WHAT IS EXPECTED.
Begin at the line containing "Downtown Luxury Retreat" and give again every line to the end of the records, exactly, without the pictures.

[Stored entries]

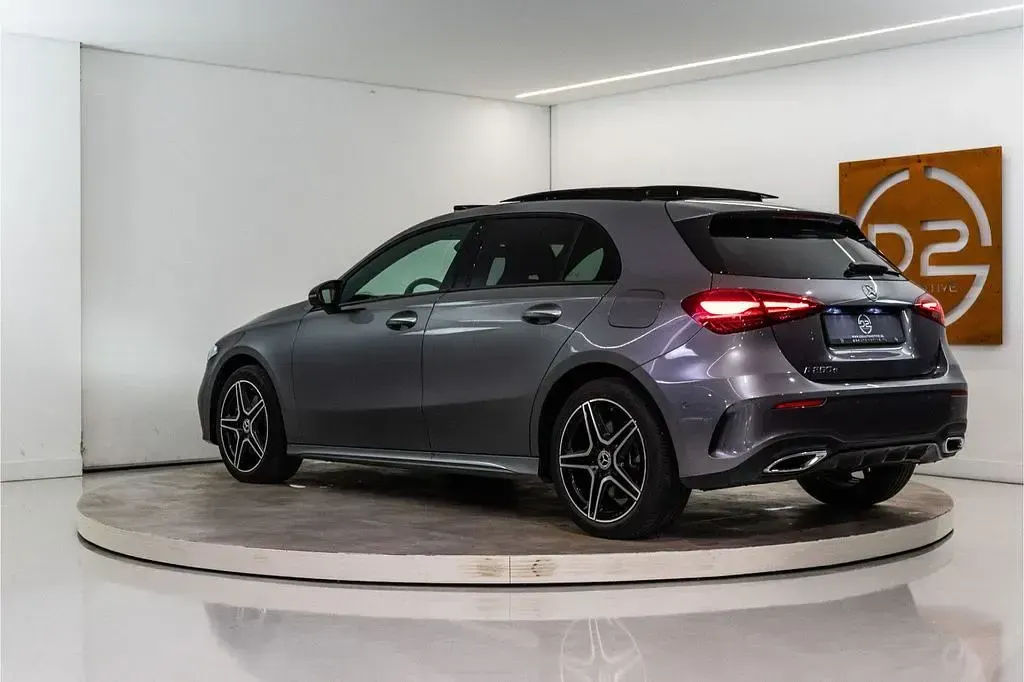 Gebraucht Mercedes A250 Premium 218 PS (160 kW) 2025 Grau Limousine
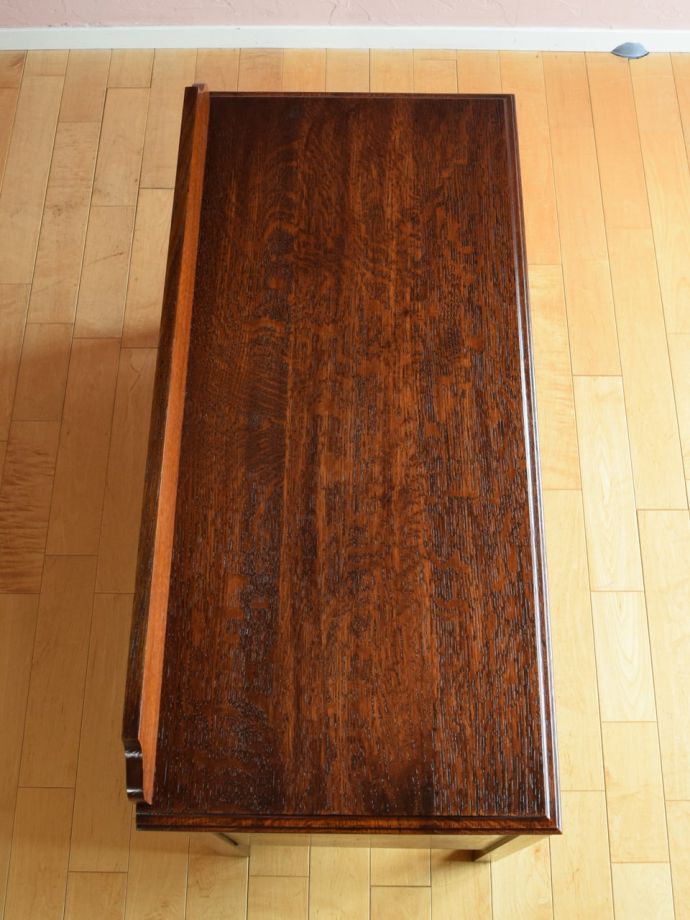 アンティークチェストの天板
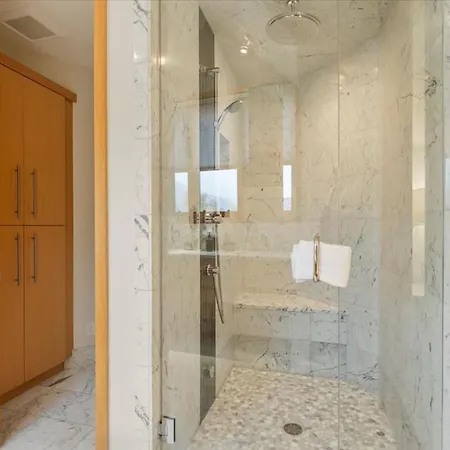 Downtown Luxury Retreat Private Hot Tub Holiday home *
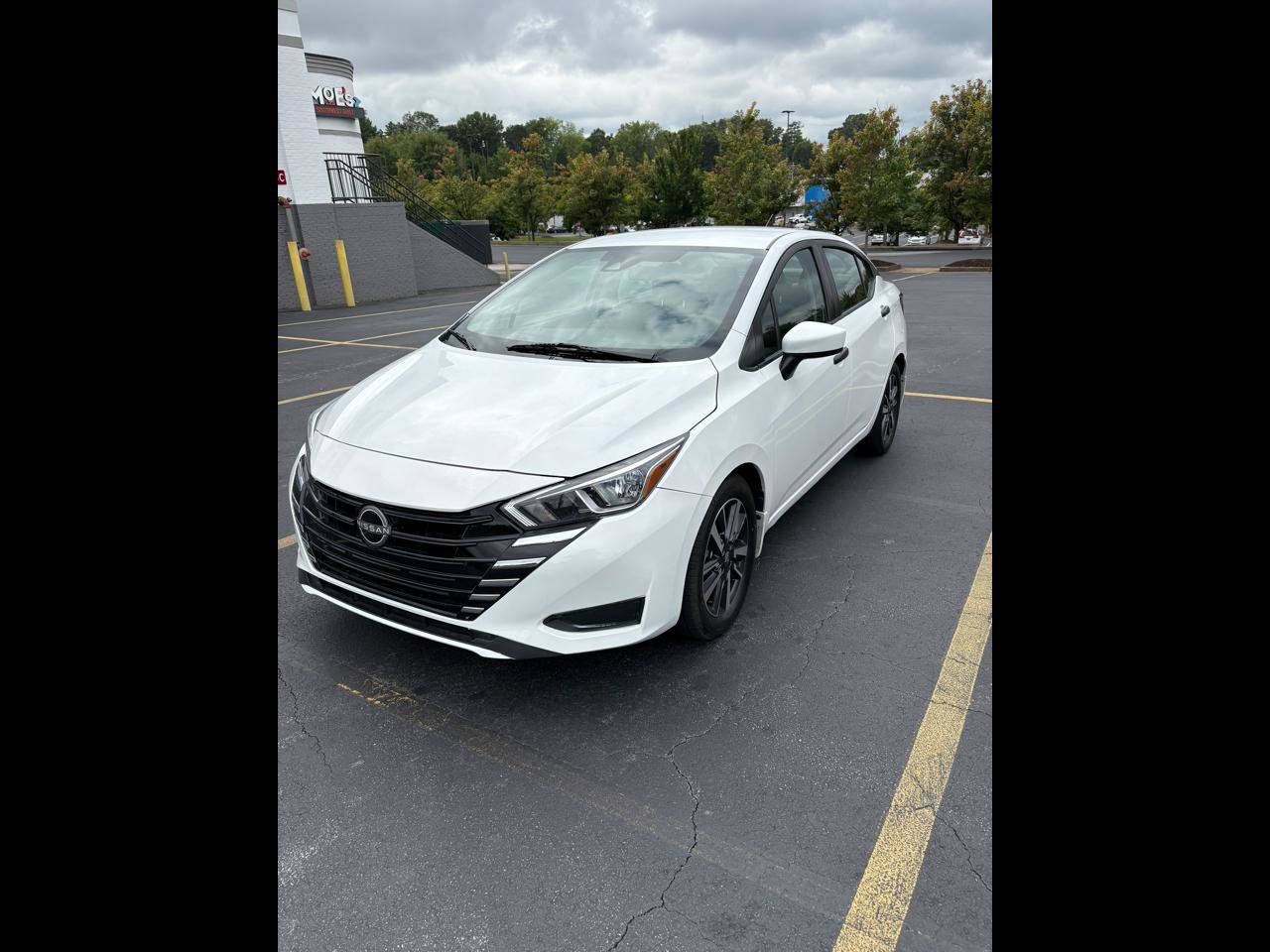 Used 2024 Nissan Versa S w/ S Plus Package FWD image 1
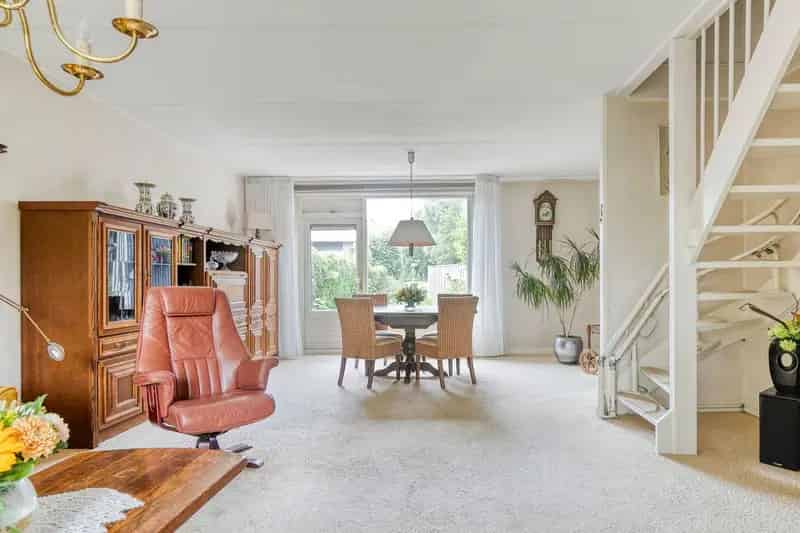 Huis te koop Almere Haven 4 slaapkamers grote tuin
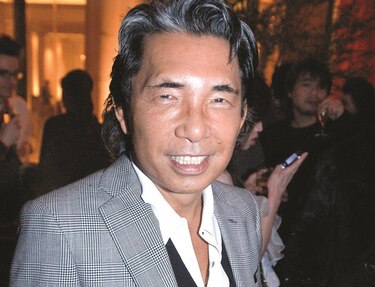 Muere a causa de Covid-19  diseñador japonés que se impuso en Francia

RESPONSE AREA.
 Downtown Luxury Retreat Private Hot Tub Holiday home *
 Used 2024 Nissan Versa S w/ S Plus Package FWD image 1
 Huis te koop Almere Haven 4 slaapkamers grote tuin
 Muere a causa de Covid-19  diseñador japonés que se impuso en Francia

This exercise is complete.